Use CMS claims data transformations (preview) in healthcare data solutions
[This article is prerelease documentation and is subject to change.]
With CMS claims data transformations (preview), you can ingest, store, and analyze claims data in CMS (Centers for Medicare & Medicaid Services) CCLF (Claim and Claim Line Feed) format. To learn more about the capability and understand how to deploy and configure it, see:
- Overview of CMS claims data transformations (preview)
- Deploy and configure CMS claims data transformations (preview)
Understand the transformation mechanism
The claims data transformation pipeline ingests claims files in either native or compressed format into the lakehouse. The end-to-end transformation follows these high-level consecutive steps:
- Transform the claims files in OneLake
- Organize the claims files in OneLake
- Extract claims data into the bronze lakehouse
- Convert claims data to FHIR NDJSON files
- Transform claims data into FHIR flattened tables in the bronze lakehouse
- Transform claims data into FHIR relational tables in the silver lakehouse
Run the claims data transformations pipeline
Ensure you complete the steps in Set up claims sample data before running the claims data transformations pipeline.

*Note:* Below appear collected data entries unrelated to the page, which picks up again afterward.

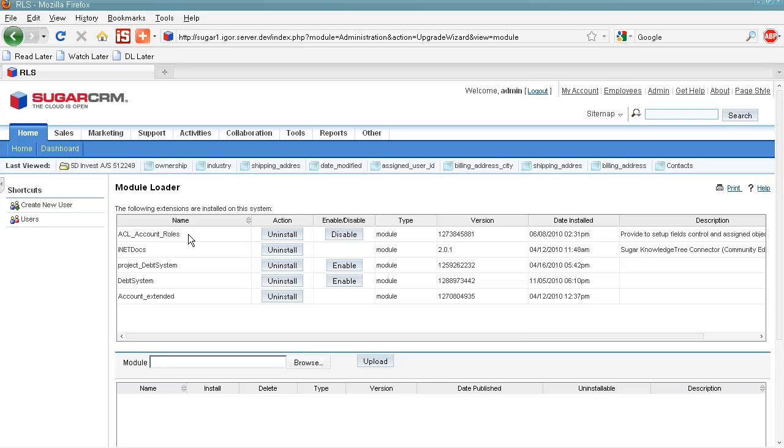The next one is Account Extended. This module is an extension that allows you to create a Customer Portal user from account module in SugarCRM.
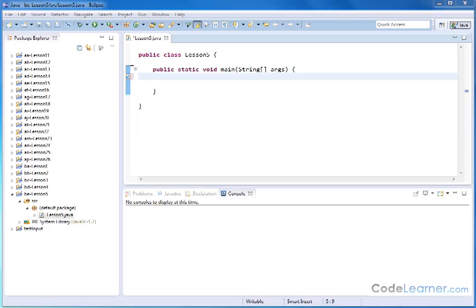Hello, welcome to lesson five. Here we're going to continue working with if statements, but we're going to learn how to use what we call nested if statements.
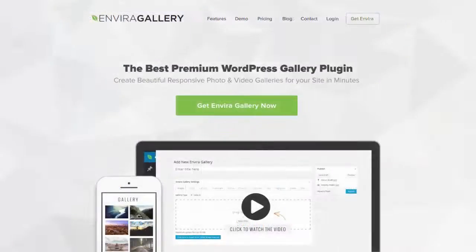We took the pain out of WordPress gallery creation and made it easy and fun to use. Get EnviroGallery today and start building beautiful photo galleries in minutes.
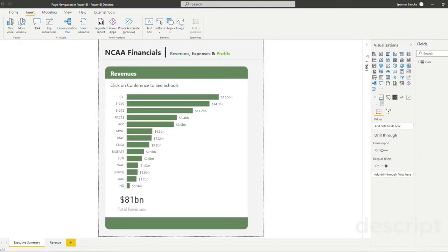Hey everyone, my name is Spencer Bauke from PHData and in this video I'm going to show you a few different ways for navigating your Power BI reports.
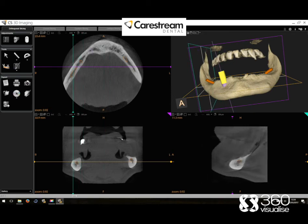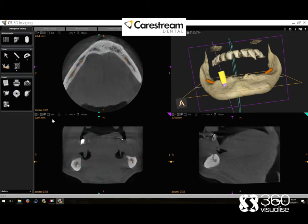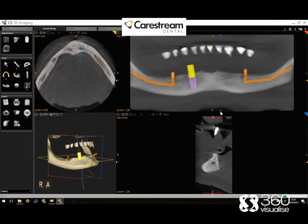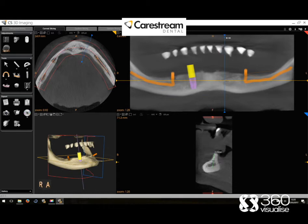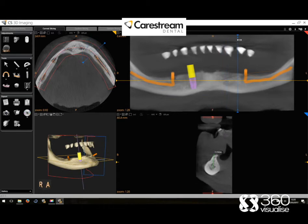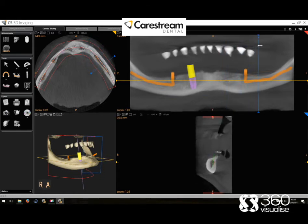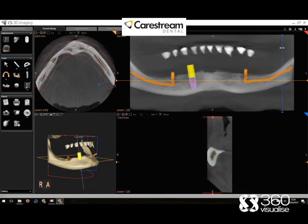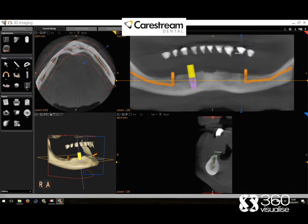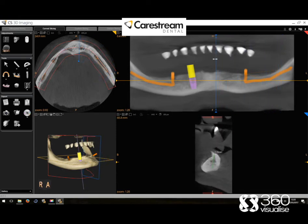For instance here it's really easy to see the ID nerve canal. As you can see now as I'm pulling this blue bar through the OPG view, we can see a nice intersection of the mandible in the bottom right hand corner. This is a nice way to trace a nerve, or if you're looking at a maxilla to check sinus levels. You can take really accurate measurements here from the crest of the bone to the top of the ID nerve.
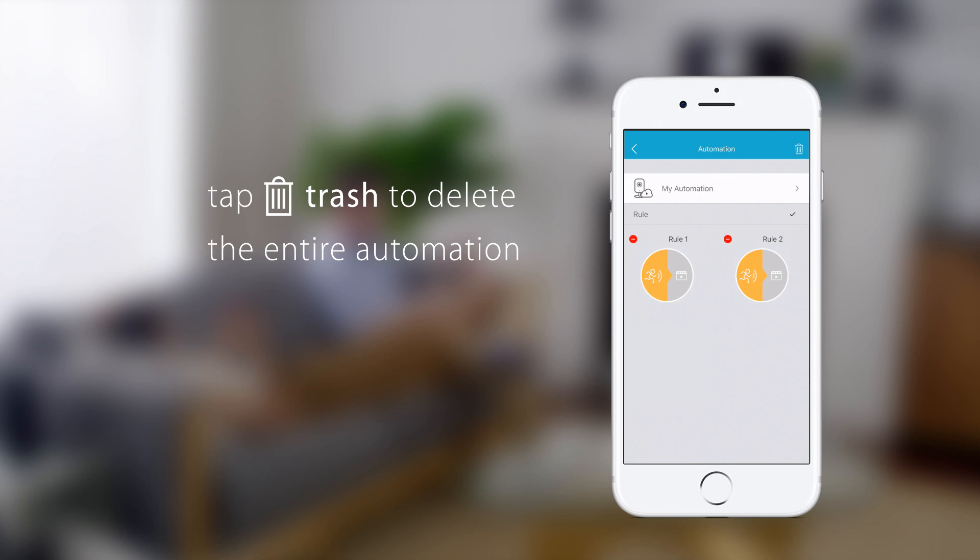You can delete the entire automation by tapping the trash icon at the top.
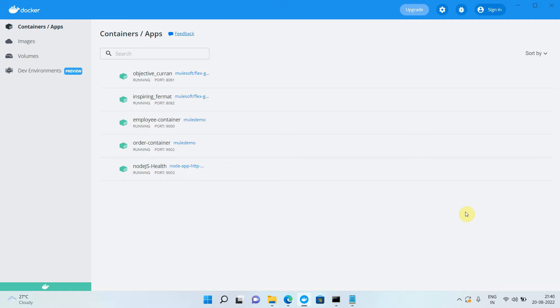Hello everyone. My name is Chitander Bafna. I am a senior solution architect. In this video we are going to see how to expose an API to Flex Gateway.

To transform the claims data from the bronze lakehouse to the silver lakehouse, open the healthcare#_msft_clinical_claims_cclf_data_transformation data pipeline and select Run.
After the pipeline runs successfully, open the ExplanationOfBenefit table in the silver lakehouse to view the transformed data.
Usage considerations
Review these key points before using the CMS claims data transformations (preview) capability.
Spark version
The notebooks are preconfigured to run with Spark runtime version 1.2 (Spark 3.4, Delta 2.4) by default. Ensure you maintain this setting at the environment level. To learn more, see Reset Spark runtime version in the Fabric workspace.
File extension
The uploaded CCLF files must follow the extension format: *.T1000001
to *.T1000009
. Files with incorrect extensions move to the Failed folder in the bronze lakehouse.
Record length
A record length mismatch in CCLF files occurs when one or more records deviate from the required fixed-length format. This mismatch can cause data misalignment, incomplete data capture, or processing errors. Files with records that don't meet the expected length move to the Failed folder in the bronze lakehouse.